La mirada de Aguirre

La mirada de Aguirre
Un documental sobre Alberto Aguirre revela una faceta suya poco conocida, la de fotógrafo de la vida cotidiana de Medellín y de los pueblos antioqueños


Alberto Aguirre

Niños que viven y nos miran desde infancias ya extinguidas, una Medellín desierta y apacible en el silencio soleado del domingo, rostros curtidos o arrugados donde arde todavía una obsesión, seres que duermen en las calles de una eterna primavera, techos, ventanas y caminos, instantes de vida donde la pose no cabe, la mirada del fotógrafo nos muestra algo que fuimos y olvidamos, nos devuelve a una memoria que parece más viva que los ojos con que nos asomamos a mirarla.
“Las fotografías de Alberto Aguirre captan el alma de la gente”, de este modo resume Aura López el valor de una trayectoria artística que empieza a encontrar la luz. Alberto Aguirre ha sido protagonista de nuestra vida local y nacional, como abogado, periodista, crítico de cine, editor y librero. Ahora su obra fotográfica empieza a ser reconocida gracias a una serie de documentales dedicada a destacar su trayectoria vital e intelectual. Lector de Proust y de Canetti, apasionado y silencioso, a sus ochenta y cinco años Alberto Aguirre sigue siendo un ejemplo de dignidad intelectual. Como editor, contribuyó a la difusión de la obra de autores como Fernando González, León de Greiff, Gabriel García Márquez y Gonzalo Arango. Como periodista se ha erigido como el paradigma de una actitud independiente, crítica, valerosa. En los años ochenta, la reciedumbre de sus opiniones lo condujo al exilio. Como librero, Aguirre puso a Medellín en contacto con las tendencias mundiales en el arte. Como fotógrafo, ahora lo sabemos, se dedicó a atrapar en los rostros de la gente el alma de Medellín y de sus pueblos cercanos en la mitad del siglo veinte.


Fotografías de Alberto Aguirre

El primero de febrero, el realizador César Augusto Montoya presentó en la Casa Teatro de El Poblado su documental “Alberto Aguirre, fotógrafo”. Este trabajo forma parte de una serie de trece episodios, “Karaktere Aguirre”, dedicados a exaltar su trayectoria vital e intelectual.
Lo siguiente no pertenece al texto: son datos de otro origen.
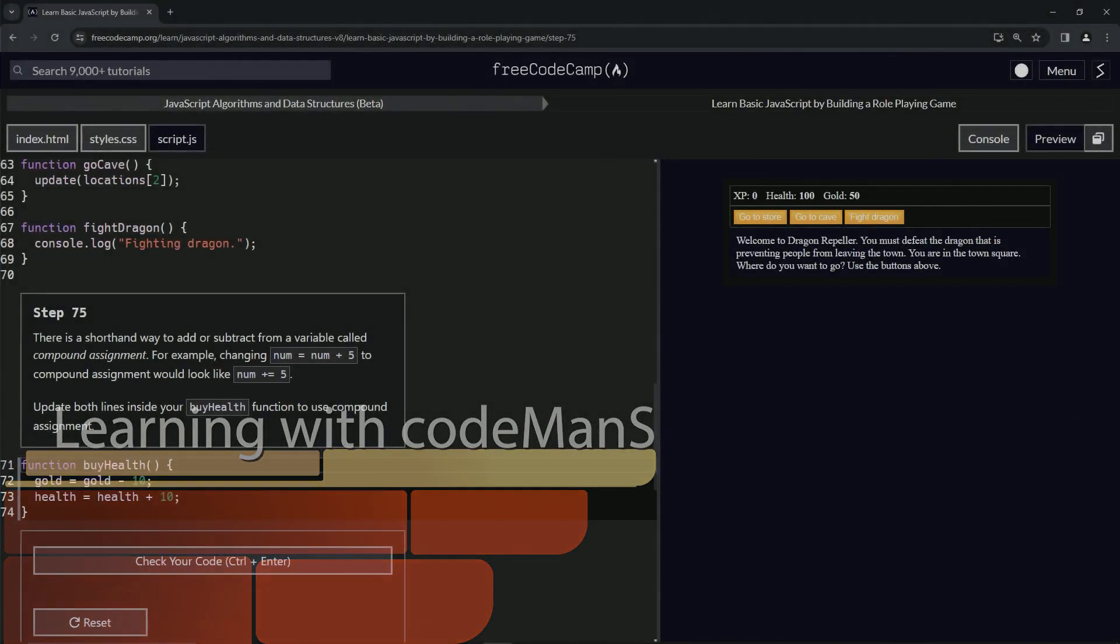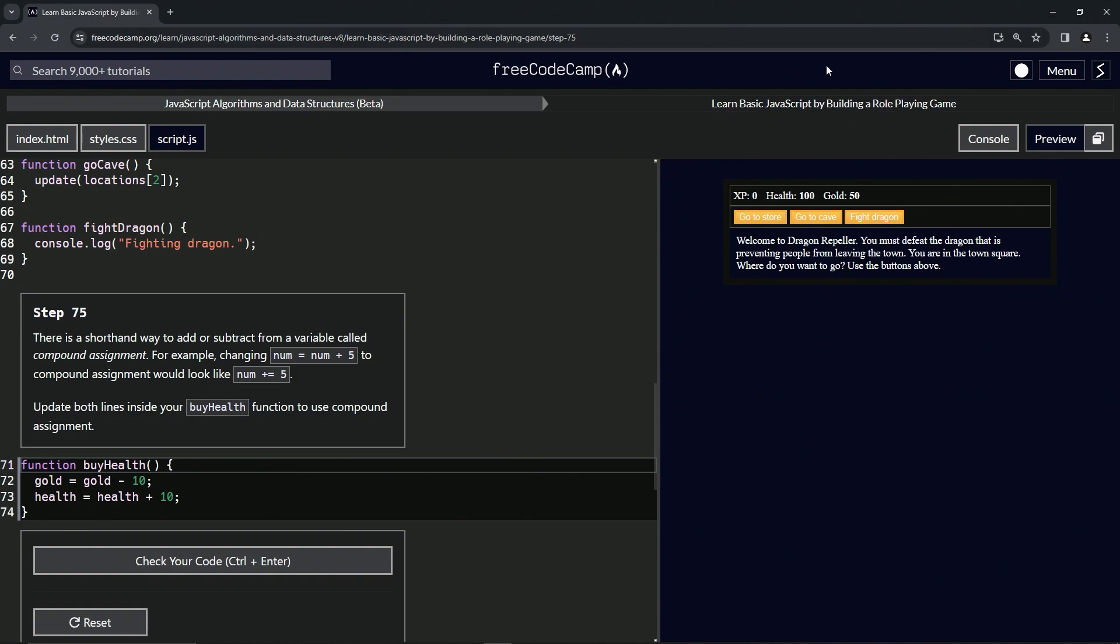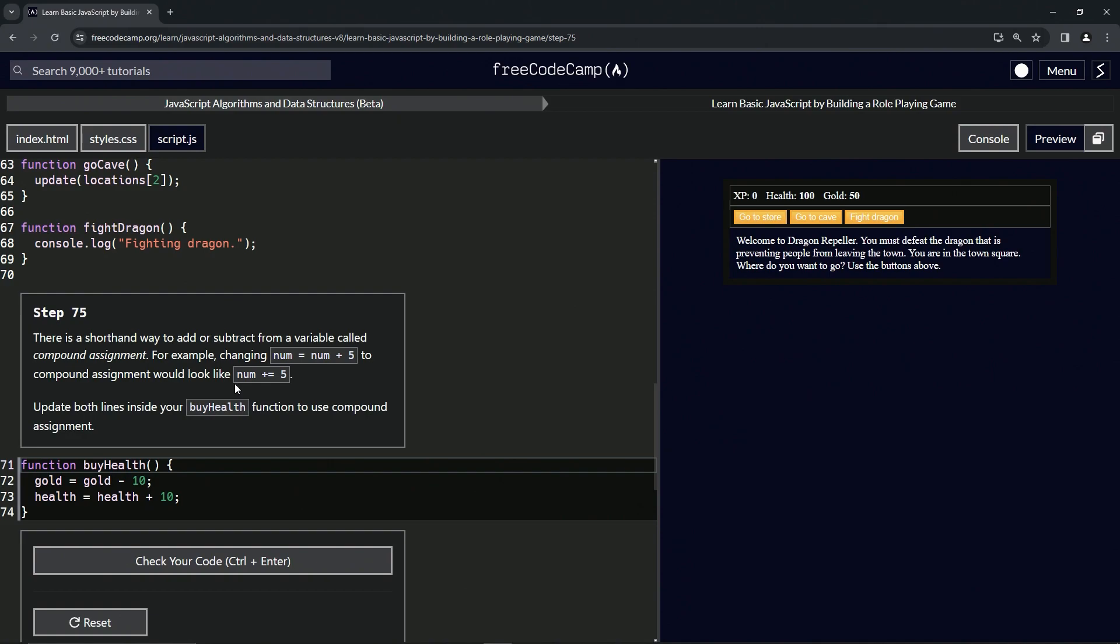All right, now we're doing FreeCodeCamp JavaScript Algorithms and Data Structures Beta: Learn Basic JavaScript by Building a Role-Playing Game, Step 75. So there's a shorthand way to add or subtract from a variable called compound assignment. For example, changing num equals num plus five to compound assignment would look like this: num plus equals five.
La serie apenas está a punto de empezar su recorrido por canales regionales y nacionales. En muchos casos, será la presentación en sociedad de una de las mentes más lúcidas e influyentes de las últimas décadas en Colombia. El capítulo dedicado a su labor como fotógrafo nos muestra que Aguirre todavía no ha terminado de cuestionarnos y conmovernos.
Para Darío Ruiz Gómez, la obra fotográfica de Aguirre se inscribe en una exclusiva tradición de la que forman parte figuras como Henri Cartier Bresson, Walker Evans y, en nuestro país, Nereo López Meza y Melitón Rodríguez. Salvo por una exposición que tuvo lugar en la Universidad de Antioquia, hace más de treinta años, las fotografías de Aguirre son un tesoro que apenas empieza a ser descubierto. ¿Cuándo se publicarán esas fotos?, ¿Cuándo se les reconocerá, como merecen, su valor inocultable? Estas son preguntas que despierta el documental de Montoya.
Para Aguirre, la fotografía en blanco y negro es la única que interesa. Como en otros campos del arte y de la vida, sus opiniones son enfáticas: “No entiendo a un fotógrafo que tenga más de una cámara”. Su acercamiento a la fotografía es consistente con una actitud personal que descree de la fama y los reconocimientos. La intervención de Aguirre en el documental y en la serie es mínima, displicente y en ocasiones huraña. Ahora octogenario, Aguirre se ve tan distante como los protagonistas de sus fotos. Sus ojos parecen llorar sin descanso por todo el dolor que ha retratado con su cámara. Queda en quienes lo admiran y respetan dar su justo valor a esa mirada de niño que parece ya cansada de mirarnos.